The province does not record such revenue according to independent accounting standards, Bellringer said.
Instead, it records the revenues over a much longer period than the standards allow, meaning revenues from Ottawa have been under-reported and cloud the province’s true financial position, Bellringer said.
As of March 31, the B.C. government has deferred $5.7 billion in revenue over the years, she said. To correct its financial statements, Bellringer said, the government should have recorded the $5.7 billion as revenue, for a total reported surplus of $7.2 billion.
Generally accepted accounting principles require governments to record funds transferred from other levels of government for projects as revenue in their books as soon as the asset is bought or built, the auditor general said. However, under special circumstances, revenue can be deferred.

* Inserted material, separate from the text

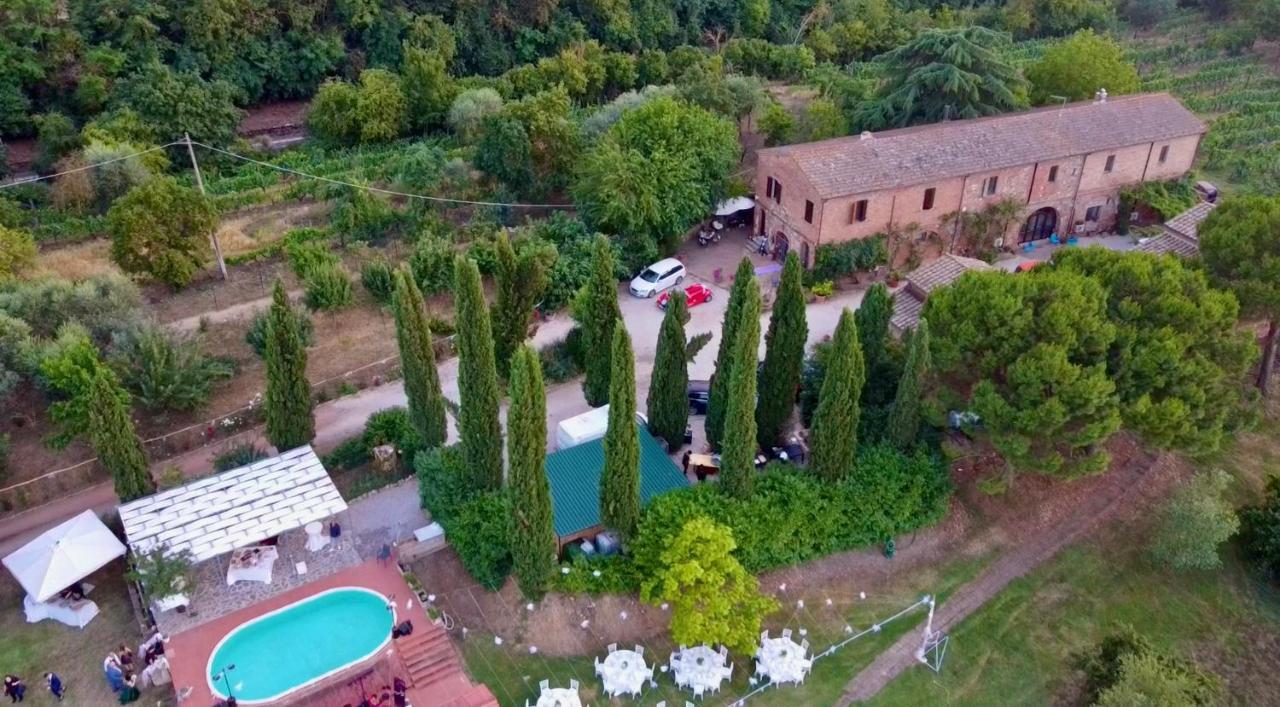 Casa Burraia Villa Abbadia di Montepulciano Esterno foto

For example, Bellringer’s report said, if the B.C. government receives $40 million to build a highway in 2019, it doesn’t record the $40 million as revenue in 2019. Instead, it records $1 million per year over the 40-year life of the highway.
The B.C. government created a regulation that requires taxpayer-supported Crown corporations to record money they receive from other levels of government the same way the B.C. government records it, rather than in accordance with generally accepted accounting principles.
That is where the clouding comes into play, Bellringer said.
On Thursday, James said B.C. posted the $1.5-billion budget surplus for 2018-19 stemming in part from a $2.9-billion increase in revenues over budgeted projections.
“We are on a very strong fiscal footing,” James said. “I’m really proud of the work we’ve done.”
Government figures show B.C. has a total debt of $65.9 billion — $3.06 billion lower than estimated in the budget, but an increase from last year’s $64.9 billion.
James said increased revenue to allow for a balanced budget came about in part because B.C.’s economy grew by an estimated 2.4 per cent in the 2018 calendar year. The province had Canada’s third-highest growth.
Total revenue was $57.1 billion, up $5 billion from the previous year, and a significant increase on the $46 billion in 2014-15.
Bellringer said the audit is her office’s largest, looking at $57 billion in revenue, $56 billion in expenses, $95 billion in assets and $87 billion in liabilities.
“It’s a massive undertaking,” she said.